Чарли смутился оттого, что стал предметом столь пристального изучения, и, желая перевести разговор, спросил:
– Но все эти твои старания, ради чего они?
– Как знать? Пойдем выпьем кофе в D me.
– С удовольствием. Вот только позову официанта.
– За обед плачу я. Это впервые плачу я, когда мы едим вместе.
Он достал из кармана деньги, чтобы рассчитаться, и среди бумажек оказалось несколько пригласительных билетов.
– Смотри-ка, у меня есть для тебя билет на Полуночную мессу в Сент-Эсташ. Это считается лучшей церковной музыкой в Париже, и тебе, наверно, захочется пойти.
– Ох, Саймон, как это мило с твоей стороны. Я буду очень рад. Ты ведь пойдешь со мной?
– Там видно будет поближе к делу. Во всяком случае на, возьми билеты.

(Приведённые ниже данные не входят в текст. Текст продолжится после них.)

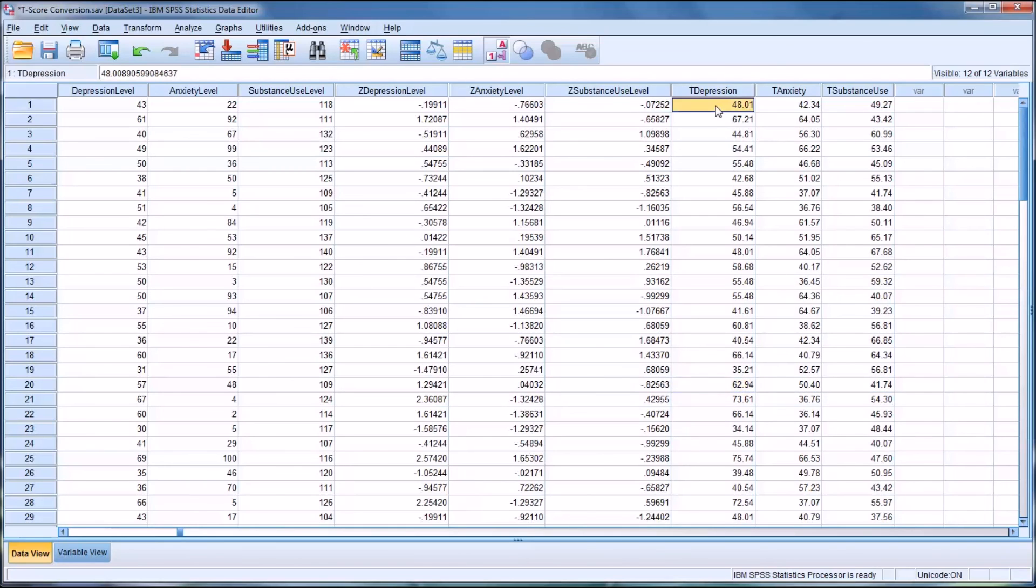So having this ability to compare the different instruments is quite useful. I hope you found this video on calculating T-scores in SPSS to be useful. As always, if you have any questions or concerns, feel free to contact me, and I'll be happy to assist you.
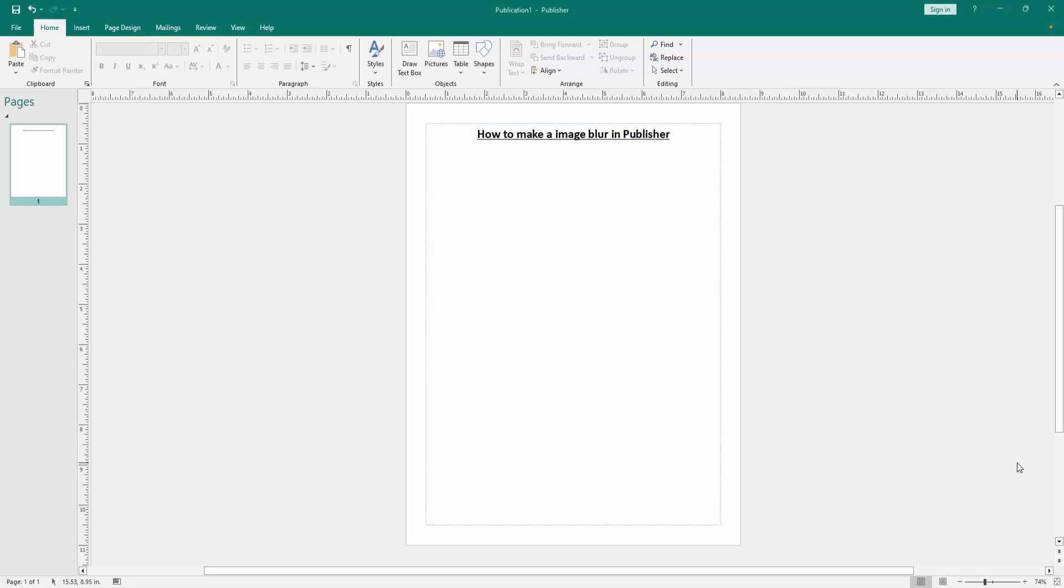Assalamualaikum, hello friends, how are you? Welcome back to another video. In this video, I am going to show you how to make an image blur in Microsoft Publisher. Let's get started.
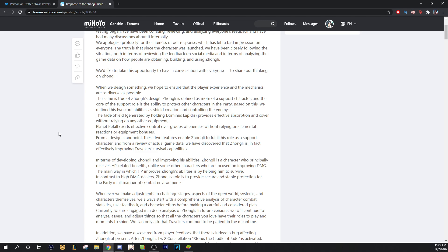Continuing, from a design standpoint, these two features enable Zhongli to fulfill his role as a support character. And from a review of actual game data, we have discovered that Zhongli is, in fact, effectively improving Traveler's survival capabilities.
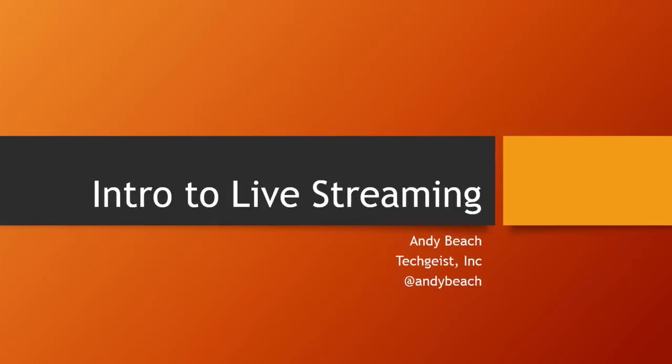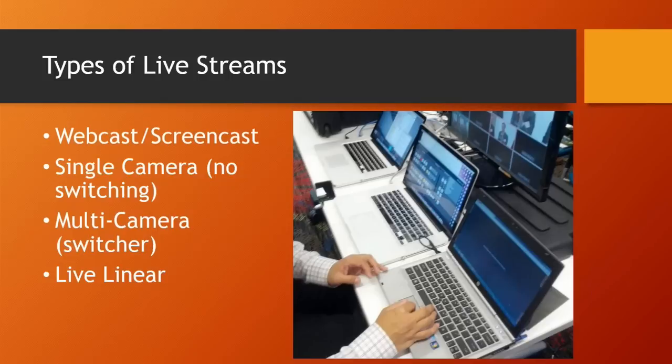Before we jump into the live streaming topic, it would be great to level set on the different types of live streams that are out there, because there are actually a lot of different types of live streaming you might be doing. The most simple — exactly what we're experiencing right now — is a webcast or screencast, where you're literally just taking an audio feed and some sort of computer screen, encoding that, and delivering it to an audience. A level up from there would be a single camera production: no switching, just a camera plugged directly into some type of encoder delivering a feed to your audience.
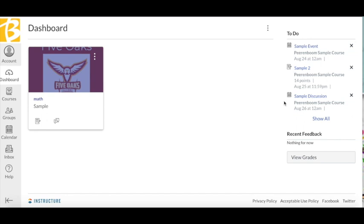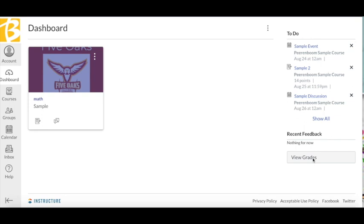If you have given that course a nickname, that is the course name that will show up on this list. You can click on any assignment or event name to see more details. You will also see a link to grades, which you will see in depth about feedback and grades in another video.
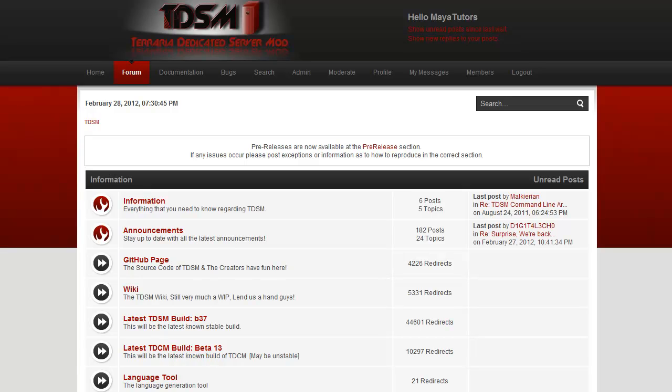So basically the only reason you'd ever want to use this is if you wanted to change the default language that TDSM does share. This will also change the language that it does show on the server.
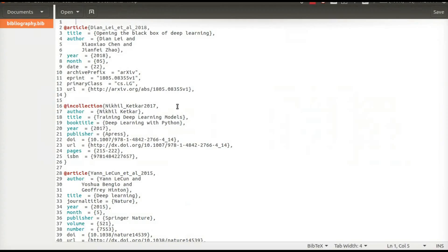If you download code, you will receive properly formatted bib file. Start using docx to latex add-on today. Link is in the description.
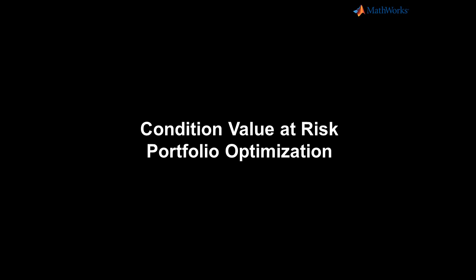In this video, we will show Conditional Value at Risk Portfolio Optimization in the Financial Toolbox using the Portfolio CVaR object.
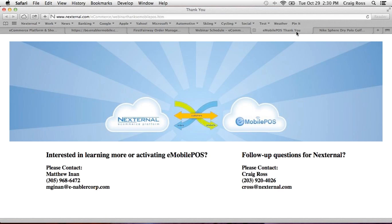I'd really like to thank you for spending some time with us today. eMobile's integration with Nexternal opens up a world of new sales opportunities for merchants of all sizes. If you have more eMobile questions, please contact Matt Inan at eMobile. If you have questions about Nexternal, I would really look forward to talking with you. Thank you for joining us today.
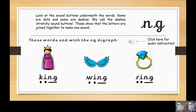I'll blend one of these words now — see if you can guess which one it is. Are you ready? R... I... NG. Well done — ring! How about this one? S... I... NG.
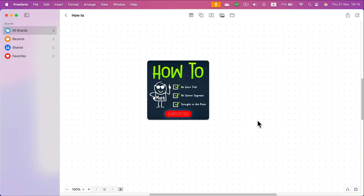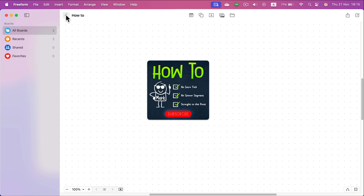Let me show you how easy it is to delete boards in Freeform on your Mac. The best way is to go back. So if you are in the active board like I am right now, click this go back button.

Чарли положил билеты в карман. И они отправились к Доме. Дождь перестал, но тротуары еще не высохли и поблескивали под светом, падающим из витрины или от уличного фонаря. На улицах полно праздношатающихся. Они появляются из тени обнаженных дерев, словно из-за кулис, проходят полосу света и вновь скрываются в провале тьмы. Подобострастные, но настойчивые алжирцы со свернутыми восточными коврами и переброшенными через плечо дешевыми мехами вглядываются в проходящих, выискивая возможных покупателей. Мальчишки с грубыми лицами, в фесках, с корзинами, полными арахиса, пронзительно и однообразно выкрикивают: «Cacaouettes, cacaouettes!» На углу два негра, темные лица свело гримасой от холода, стоят и ждут, будто время остановилось и больше им делать нечего. Саймон и Чарли подошли к D me. Веранда, открытая летом, сейчас застеклена. Все столики на ней заняты, но когда друзья переступили порог, одна пара как раз поднялась уходить, и они заняли освободившиеся места. Было довольно прохладно, а Саймон вышел без пальто.
– Не замерзнешь? – спросил Чарли.– Может быть, пройдем внутрь?
– Нет, я научился не бояться простуды.
– А если простудишься, что делаешь?
– Не обращаю внимания.
Чарли много слышал об этом кафе, но никогда еще здесь не был и теперь с жадным любопытством рассматривал окружающих. Здесь были молодые люди в свитерах с высокими завернутыми воротами, иные с бородками, и девушки с непокрытыми головами и в плащах; наверно, художники и писатели, подумал Чарли и смотрел на них не без трепета.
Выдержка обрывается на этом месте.